Here's the question you clicked on:
IsTim
Express each function as a power with a rational exponent, and then differentiate. Express each answer using positive exponents. y=sqrt(2x-3x^5)
Well. I'm just doing the first part. I got 1/2(2-15x^4)^-1/2
ok sqrt is same as exponent of 1/2 then apply chain rule to differentiate good..wait don't change inside...multiply whole thing by derivative of inside
\[(2-15x^{4})\frac{1}{2}(2x-5x^{3})^{-1/2}\]
In my textbook, it says: \[y=(2x-3x^5)^{1/2}\]
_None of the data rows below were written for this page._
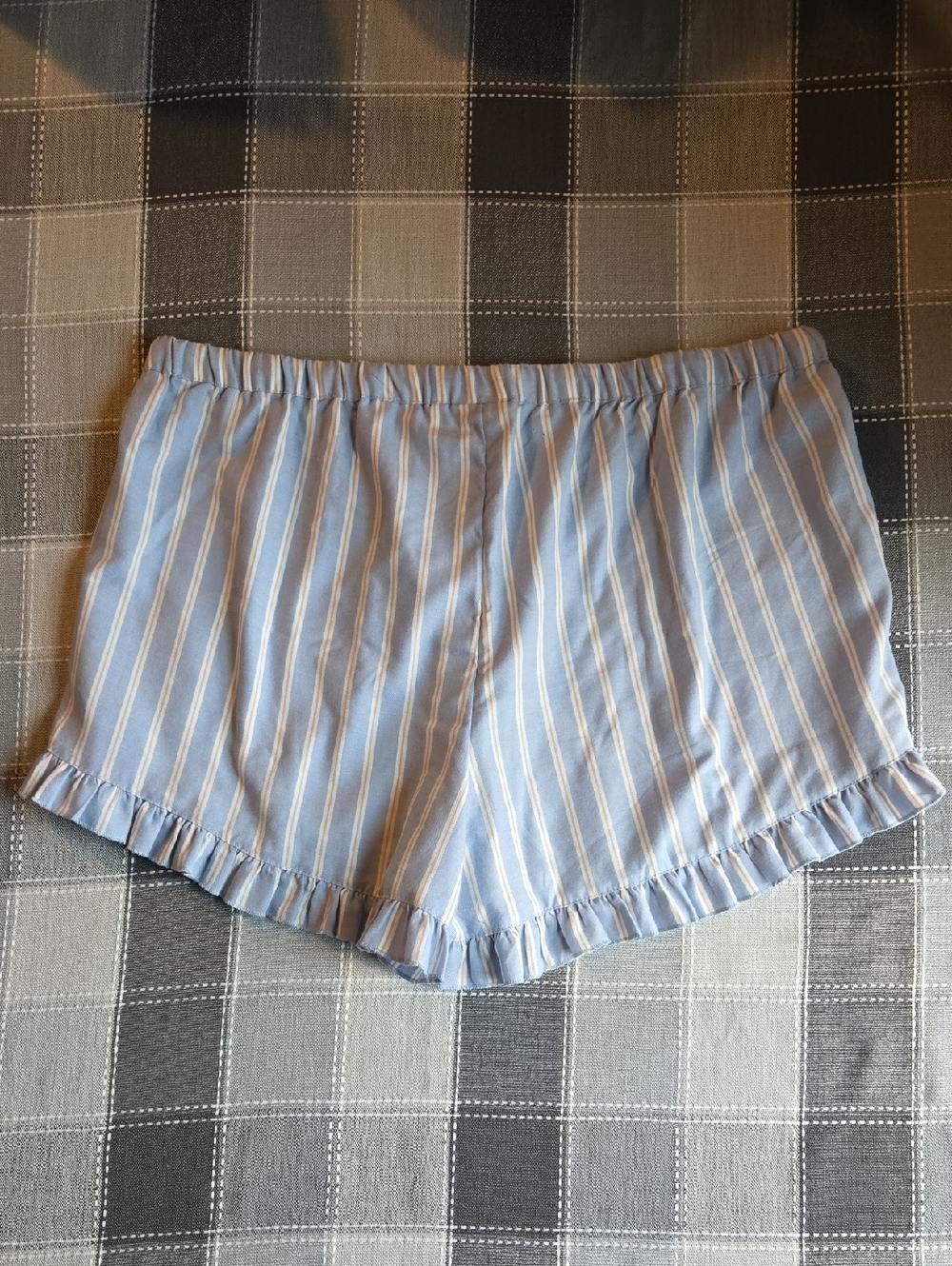 Torrid LoveSick NWOT Drawstring Ruffle-Hem Shorts - Picture 12 of 13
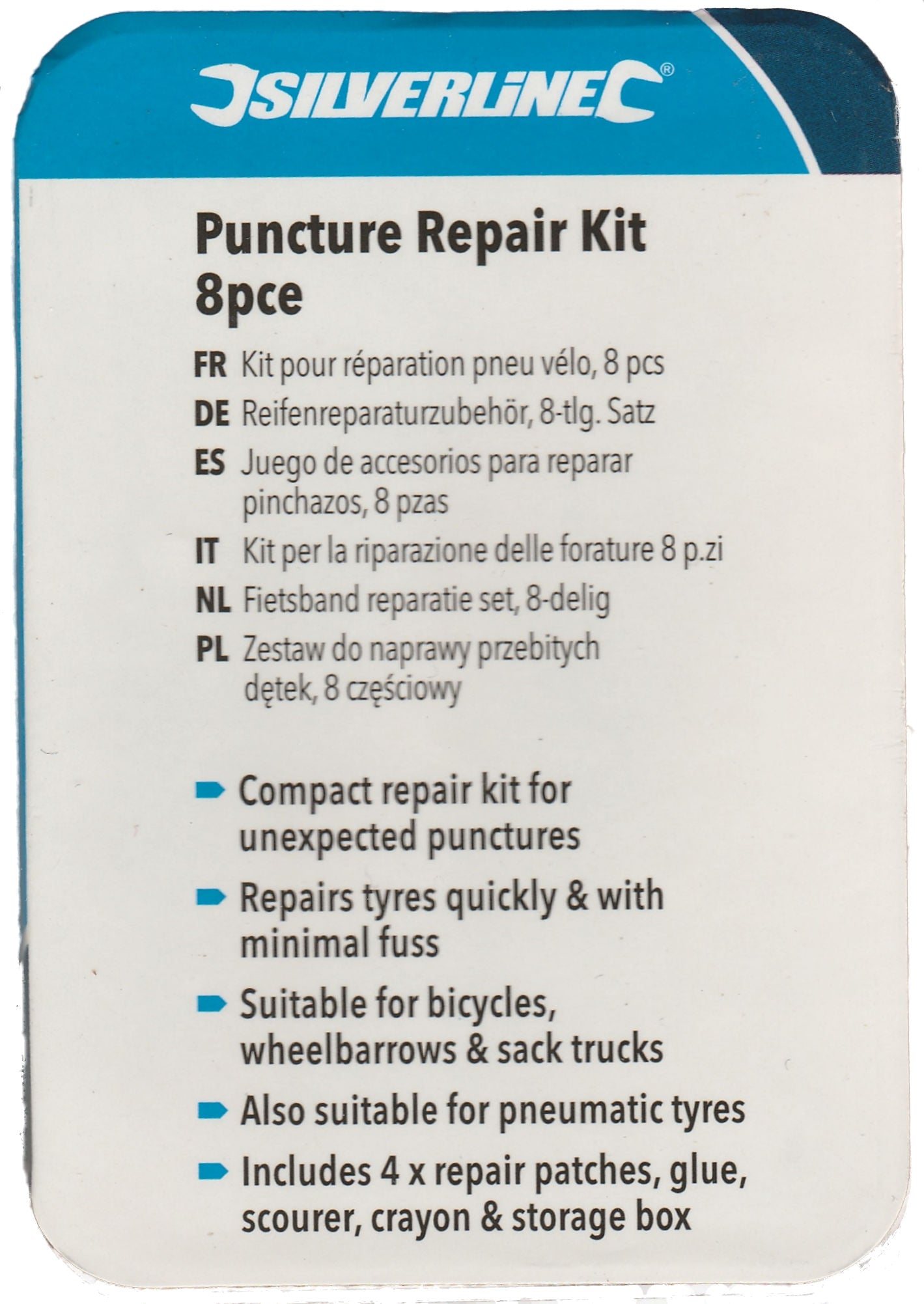 Small Puncture Repair kit for emergency repairs Puncture Repair Kit Huggins Attic    [Huggins attic]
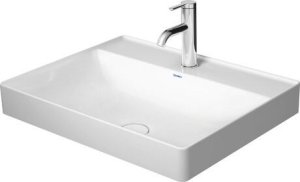 Praustuvas Duravit DuraSquare 600x470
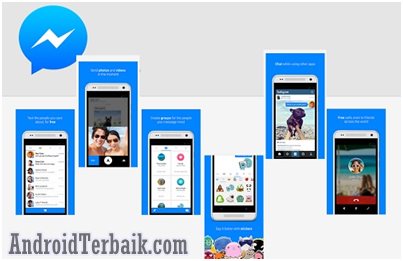 Download Aplikasi Chatting Android Terpopuler Facebook Messenger APK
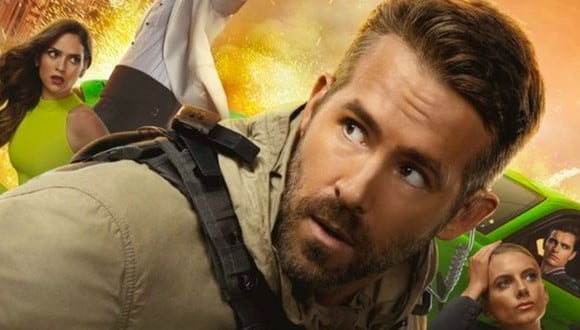 El director estadounidense vuelve a dejarnos una película de acción con Ryan Reynolds como protagonista. Foto: Netflix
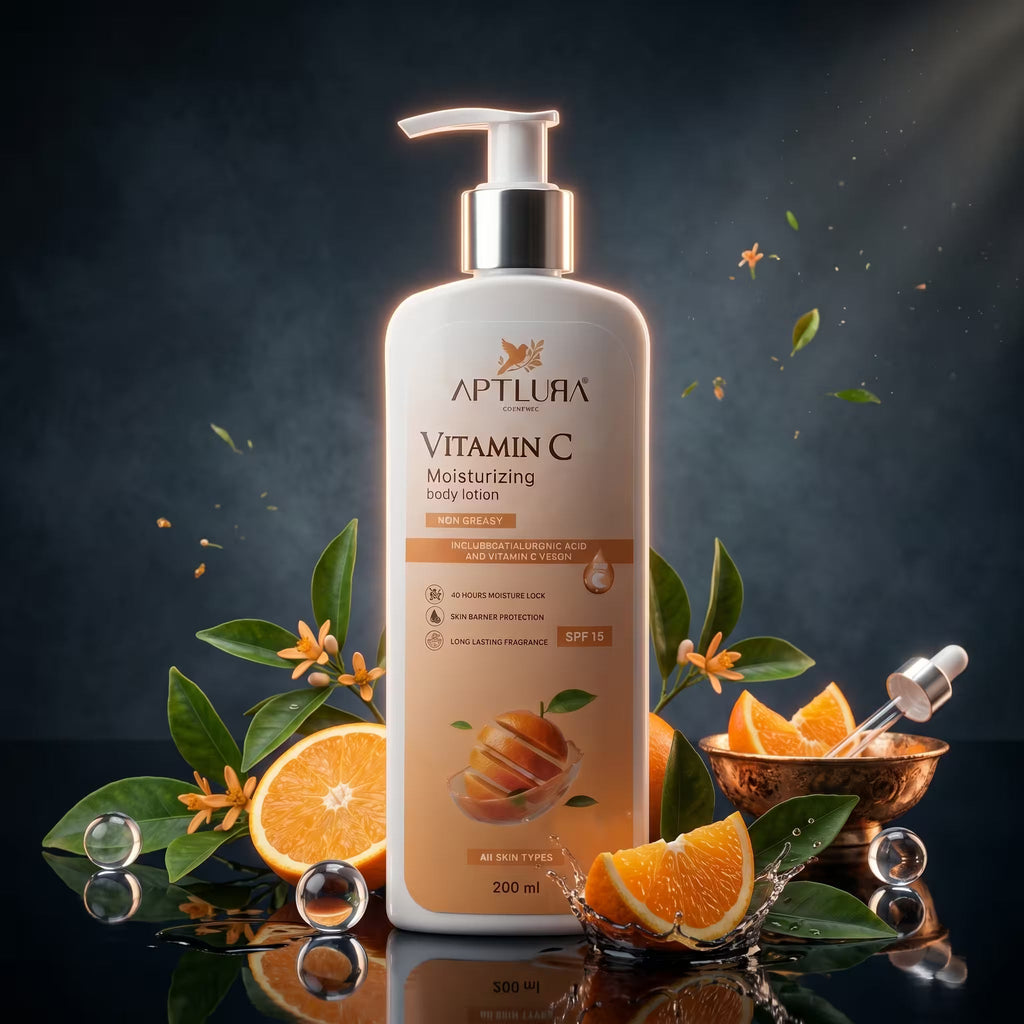 Aptlura Vitamin C Moisturizing Body Lotion 200ml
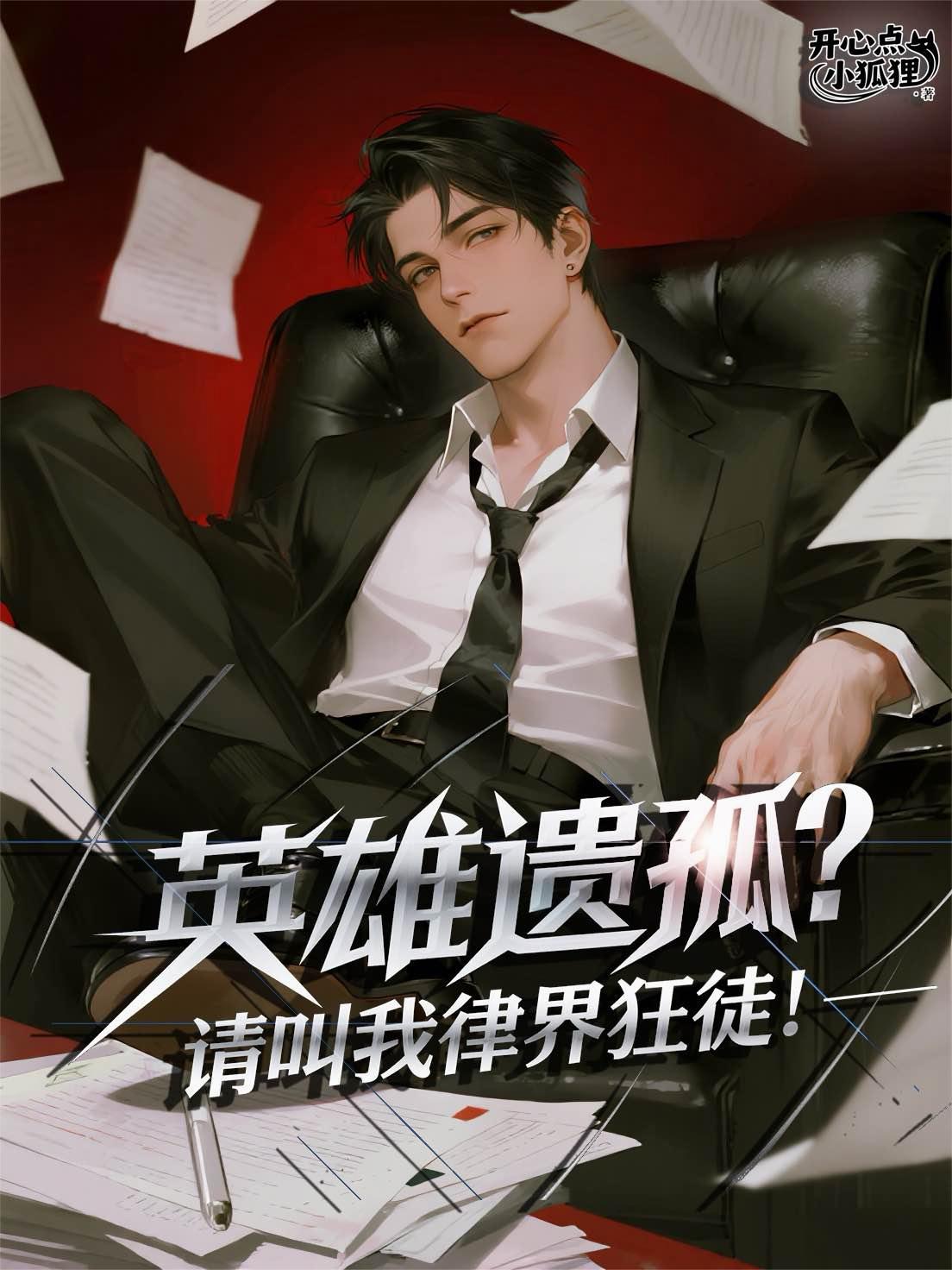 英雄遗孤?请叫我律界狂徒!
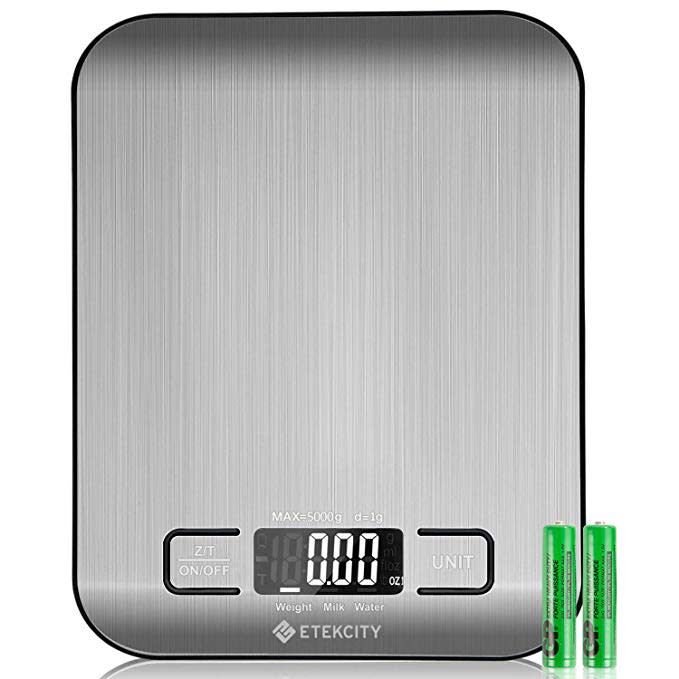 Etekcity Food Digital Kitchen Weight Scale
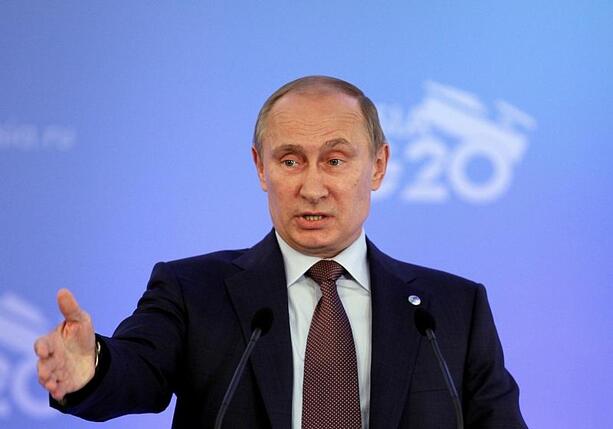 Bild vergr&ouml;&szlig;ern: Finnlands Ex-Präsident Niinistö: Putin zu Verhandlungen bereit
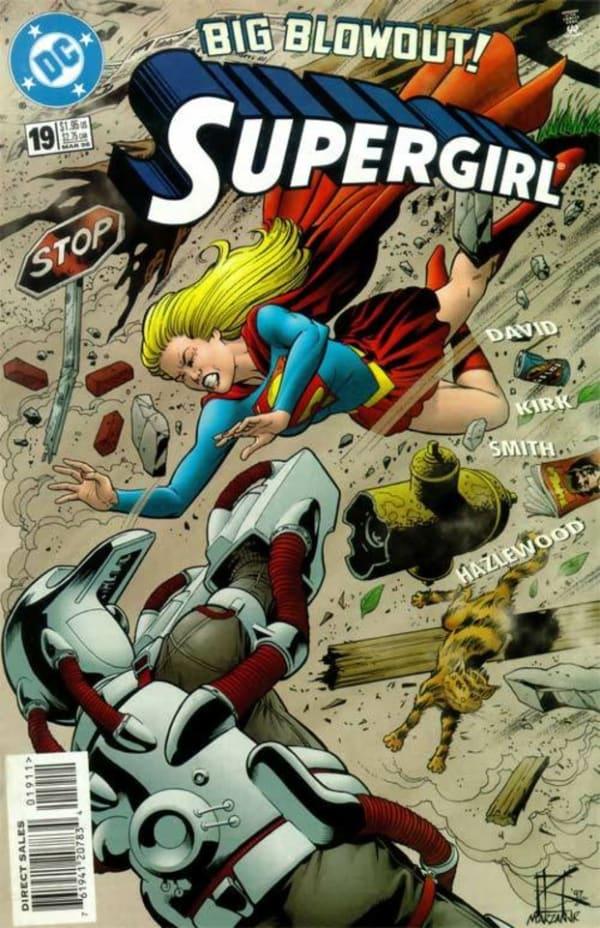 Supergirl #19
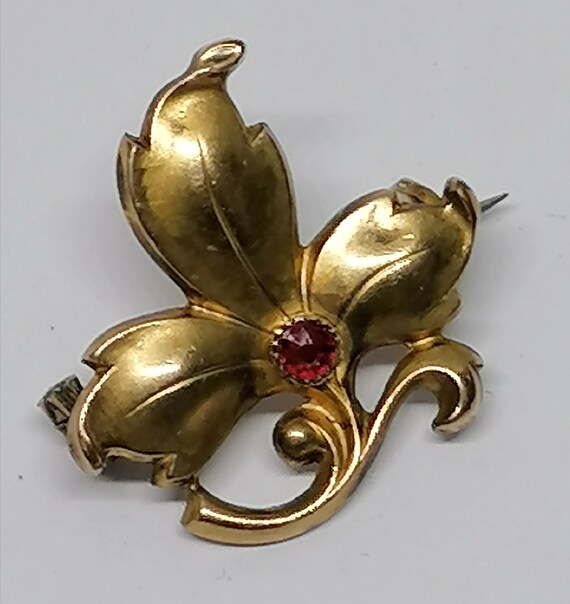 Broche Oiseau Colombe Art Déco en cuivre et argent - En vente sur France | broche colombe de la paix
?? yes that is original function right
No, the answer. Well, the first half that isn't dy/dx.
oh yeah...sqrt is same as exponent of 1/2
But I don't know how to get \[dy/dx=(2=15x^4 )/(2\sqrt{2x-3x^5}\]
Also, why is their exponent positive, but ours is negative?
same answer i posted....ours is negative because its in numerator, when you flip it to denominator the sign of exponent changes
Ok. I understand the first part. Thanks. I'll call out if I need help on the second part.
Um, to find the derviative I use 1/2(2x−5x^3)−1/2 right.
whoah ...um we were doing 2nd part (finding derivative this whole time) or at least thats what i was doing
Oh no! How do I do the first part?
sqrt is same as exponent of 1/2
I guess I can't copy Latex....
dy/dx=(2=15x^4)/(2sqrt(2x−3x^5))
How do I figure that out?
let me try this, part 1 is super easy all you are doing is rewriting it using rational exponents \[\large \sqrt[n]{x} = x^{1/n}\] \[\sqrt{2x-3x^{5}} = (2x-3x^{5})^{1/2}\] part 2: find derivative using chain rule u = 2x-3x^5 du = 2-15x^4 \[\frac{d}{du} u^{1/2} = \frac{1}{2}u^{-1/2} = \frac{1}{2\sqrt{u}}\] multiply by du and substitute 2x-3x^5 back in for u \[\rightarrow \frac{2-15x^{4}}{2\sqrt{2x-3x^{5}}}\]
How'd you get du = 2-15x^4?
@dumbcow When you have time...
isn't that what you got in your very 1st post ^^ ?? anyway, its the derivative of 2x-3x^5 using power rule \[\large \frac{d}{dx} x^{n} = n*x^{n-1}\]